**Problem to work on:**
Every line below is to be given again precisely; images are to be left out.
##### Available data
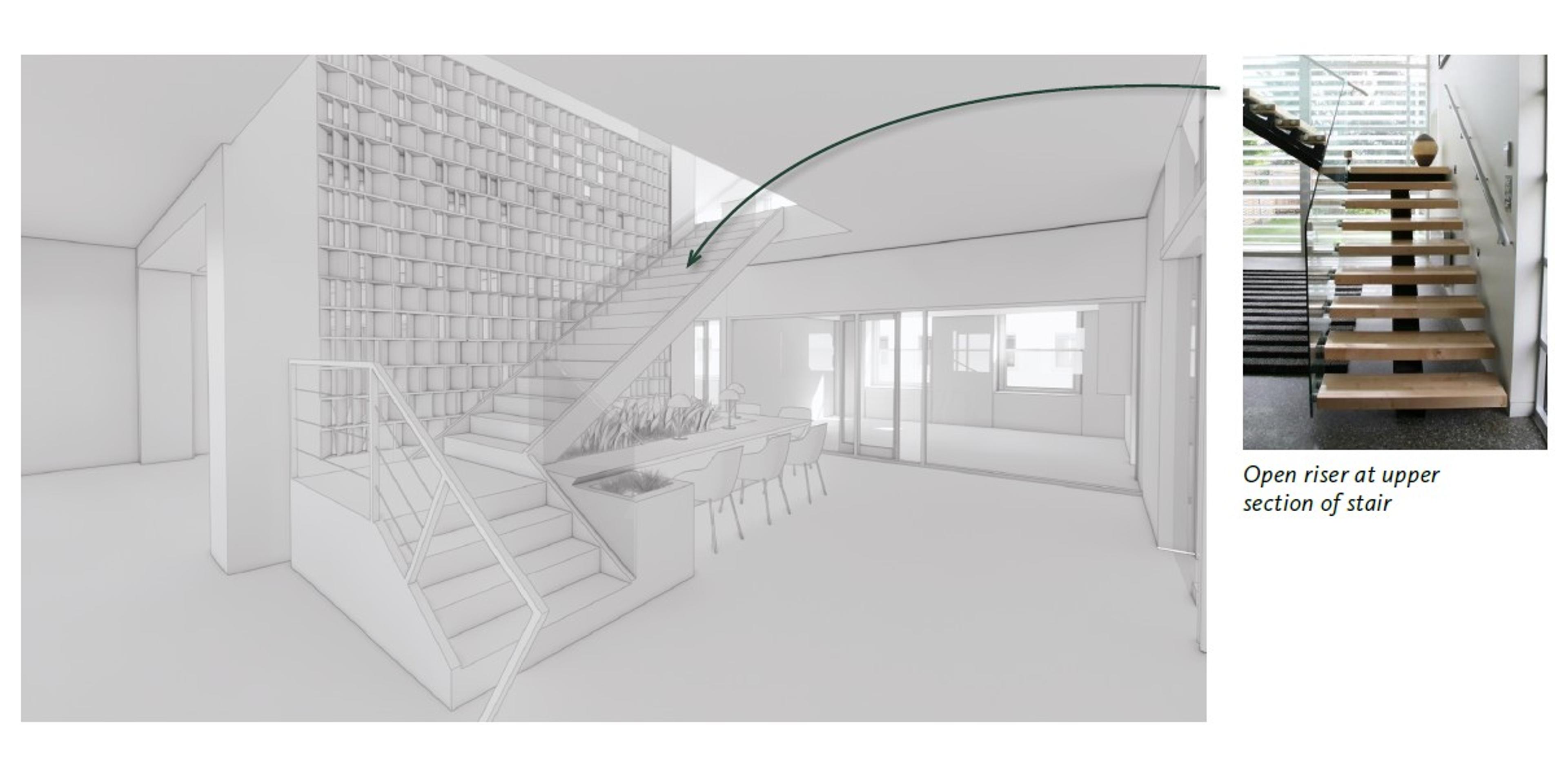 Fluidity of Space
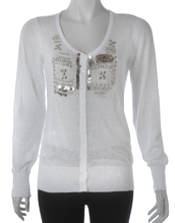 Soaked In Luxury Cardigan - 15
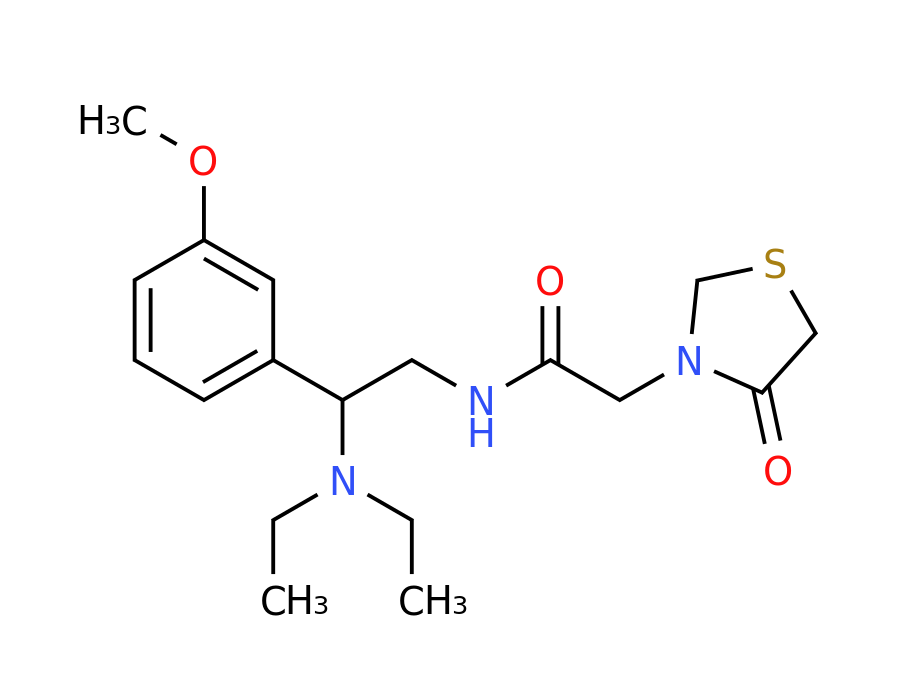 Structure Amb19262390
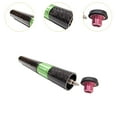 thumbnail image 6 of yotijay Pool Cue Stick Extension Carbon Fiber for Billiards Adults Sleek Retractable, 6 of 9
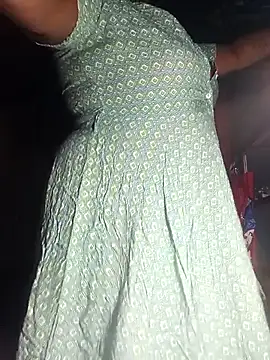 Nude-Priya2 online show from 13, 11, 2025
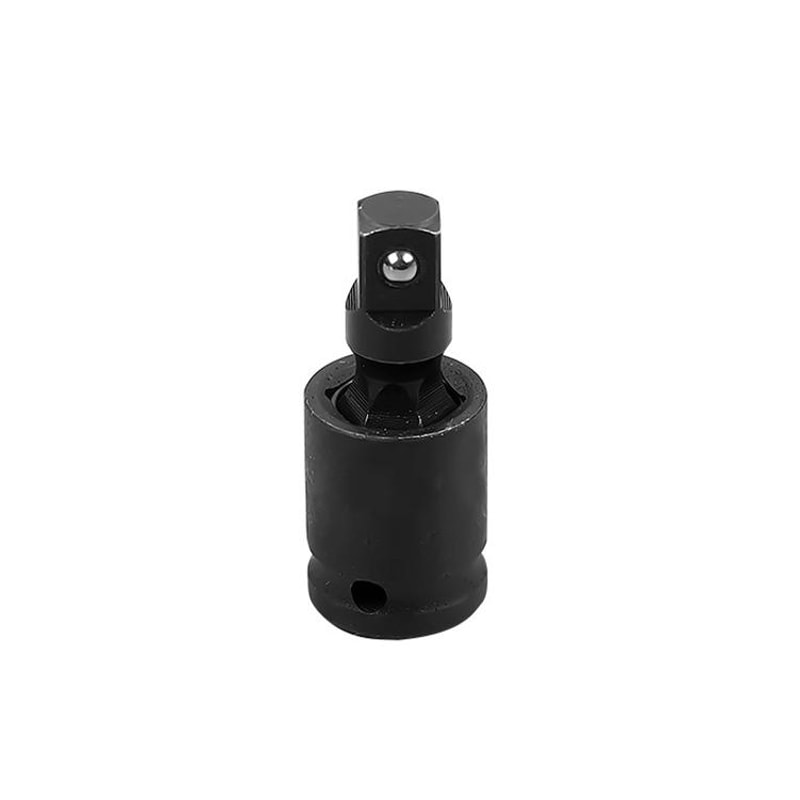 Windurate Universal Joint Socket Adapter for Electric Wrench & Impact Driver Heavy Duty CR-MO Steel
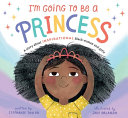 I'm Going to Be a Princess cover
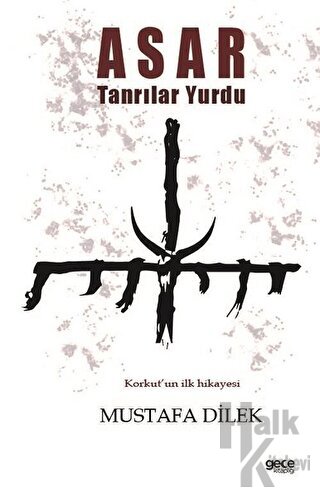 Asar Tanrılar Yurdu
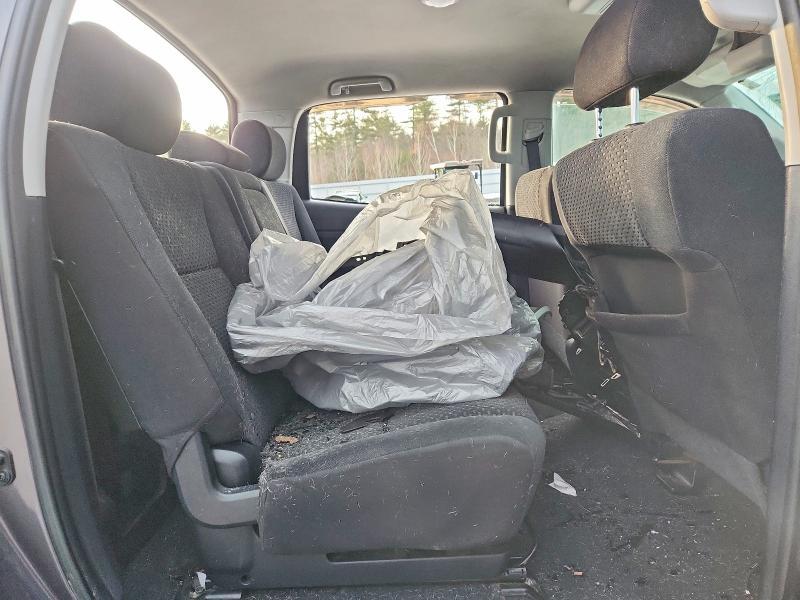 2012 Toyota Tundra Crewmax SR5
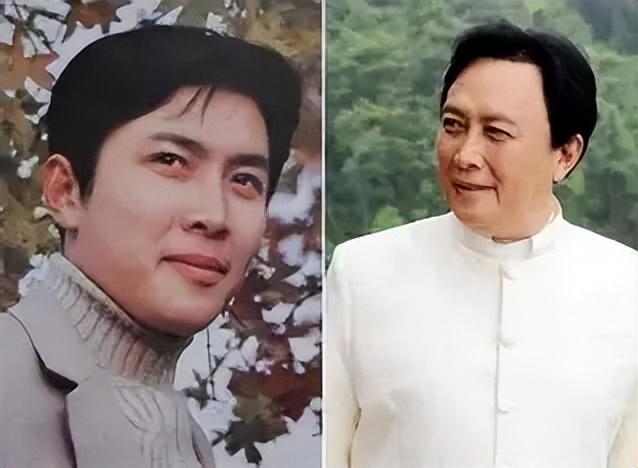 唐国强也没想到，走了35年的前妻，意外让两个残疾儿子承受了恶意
##########
**Written reply:**
 Fluidity of Space
 Soaked In Luxury Cardigan - 15
 Structure Amb19262390
 thumbnail image 6 of yotijay Pool Cue Stick Extension Carbon Fiber for Billiards Adults Sleek Retractable, 6 of 9
 Nude-Priya2 online show from 13, 11, 2025
 Windurate Universal Joint Socket Adapter for Electric Wrench & Impact Driver Heavy Duty CR-MO Steel
 I'm Going to Be a Princess cover
 Asar Tanrılar Yurdu
 2012 Toyota Tundra Crewmax SR5
 唐国强也没想到，走了35年的前妻，意外让两个残疾儿子承受了恶意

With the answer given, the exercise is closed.